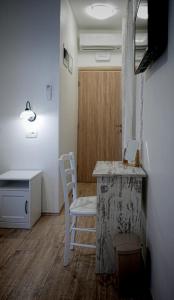 a room with a desk and a table and chairs at Casa Rossa Motovun in Motovun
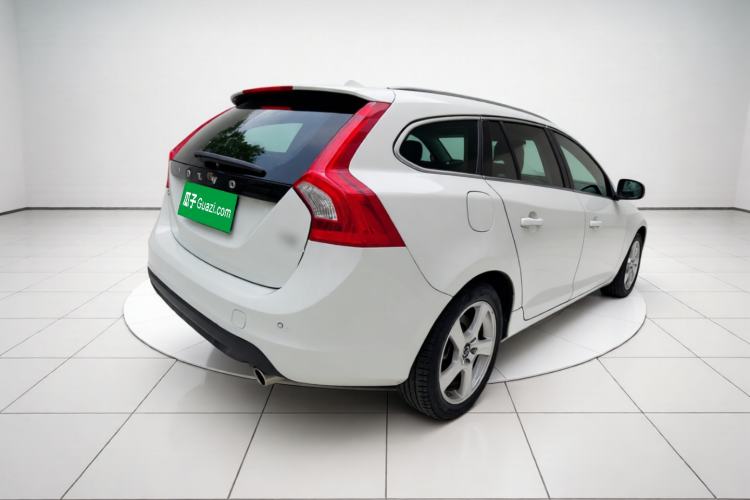 Used Volvo V60 2013 T5 Zhiya Edition Rear Right 45 Deg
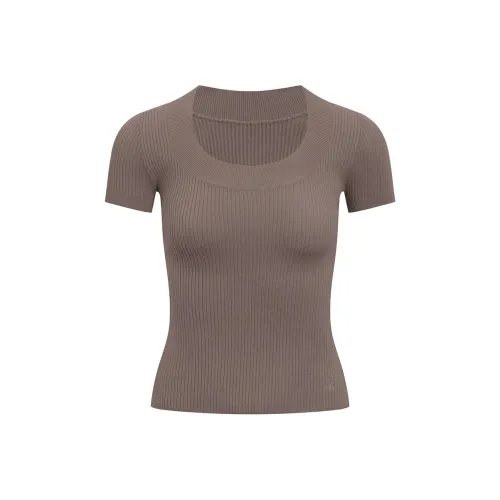 Ariseism Женские футболки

::::

Could you print the data exactly as it appears and keep the pictures out?

# RESPONSE AREA
 a room with a desk and a table and chairs at Casa Rossa Motovun in Motovun
 Used Volvo V60 2013 T5 Zhiya Edition Rear Right 45 Deg
 Ariseism Женские футболки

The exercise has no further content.